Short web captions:
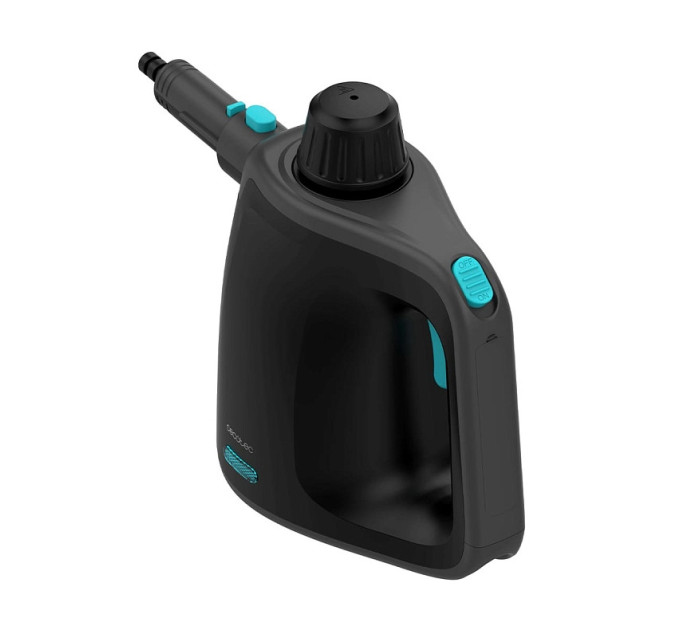 Cecotec Пароочисник Cecotec HydroSteam 2000 Blaze (A01_EU01_122318)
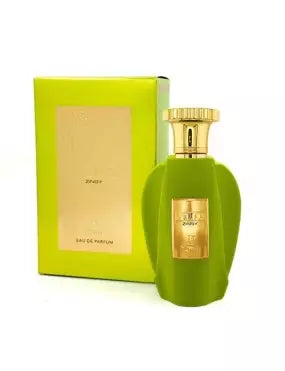 Voux Zingy EDP 100ml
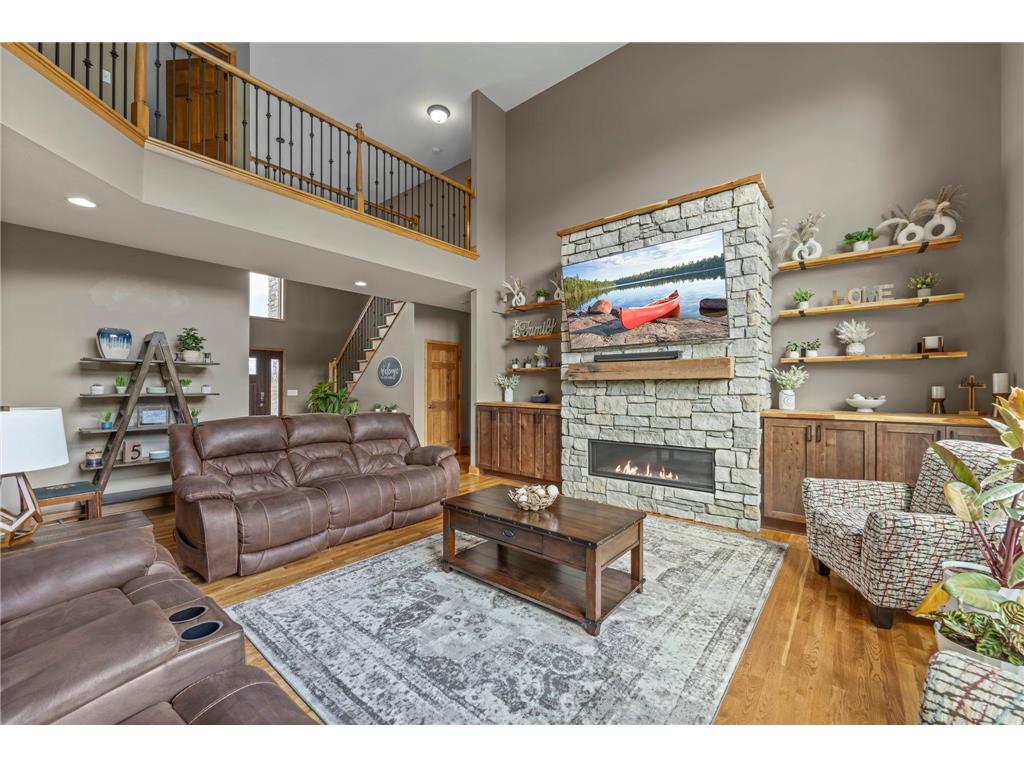 2122 141st Lane NE Ham Lake MN 55304 6812993 image19
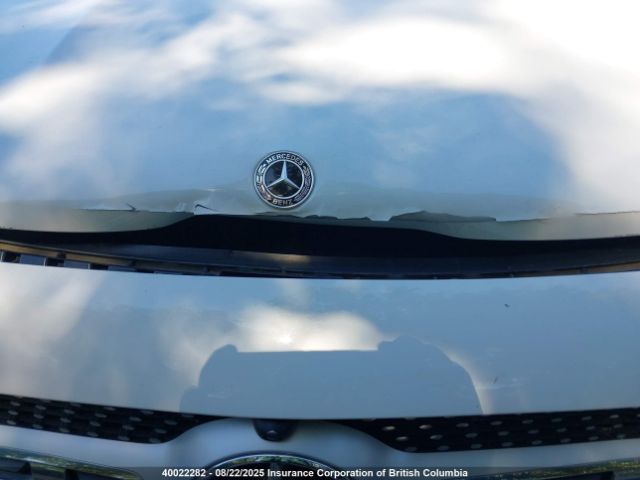 W1N4N4HB9MJ309619 2021 MERCEDES-BENZ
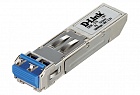 D-Link DEM-210/B1A трансивер с 1 портом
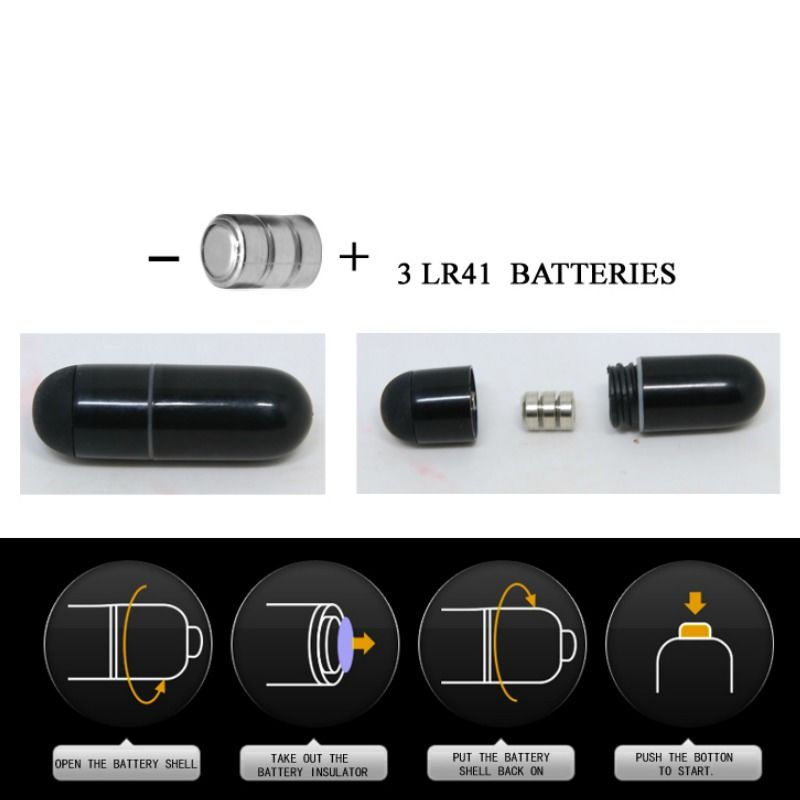 Comprar Pretty Love Funda De Silicona Con Vibración 15.2 Cm – Material Resistente Al Agua Para Uso Versátil-Noxtic
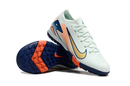 Nike Air Zoom Mercurial Elite Vapor TF - Kids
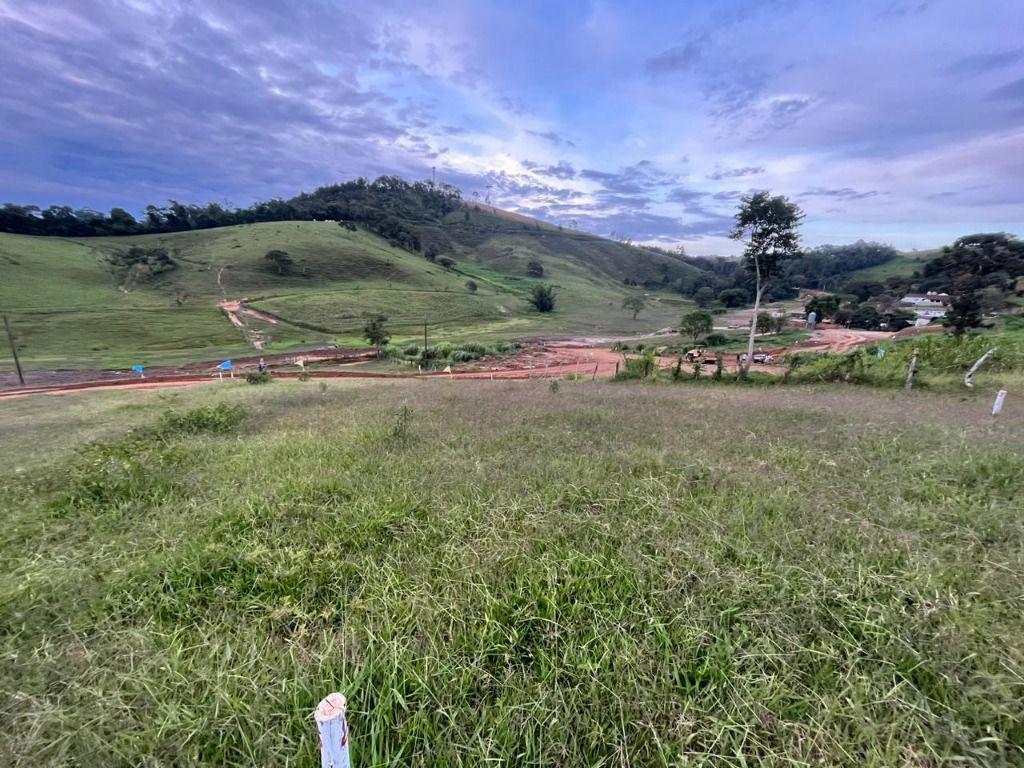 Lote, São José, 0 Quarto, 0 Vaga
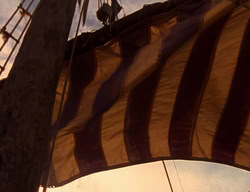 extant_XenaWarriorPrincess_2x12-Destiny_02349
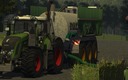 Joskin-pumpfass-25000-trs-tridem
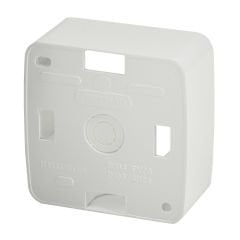 Günsan Fantasy Beyaz Sıvaüstü Kasa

__Exercise prompt__
Transcribe all of the records above exactly; no image should appear in what you write.

__Reply__
 Cecotec Пароочисник Cecotec HydroSteam 2000 Blaze (A01_EU01_122318)
 Voux Zingy EDP 100ml
 2122 141st Lane NE Ham Lake MN 55304 6812993 image19
 W1N4N4HB9MJ309619 2021 MERCEDES-BENZ
 D-Link DEM-210/B1A трансивер с 1 портом
 Comprar Pretty Love Funda De Silicona Con Vibración 15.2 Cm – Material Resistente Al Agua Para Uso Versátil-Noxtic
 Nike Air Zoom Mercurial Elite Vapor TF - Kids
 Lote, São José, 0 Quarto, 0 Vaga
 extant_XenaWarriorPrincess_2x12-Destiny_02349
 Joskin-pumpfass-25000-trs-tridem
 Günsan Fantasy Beyaz Sıvaüstü Kasa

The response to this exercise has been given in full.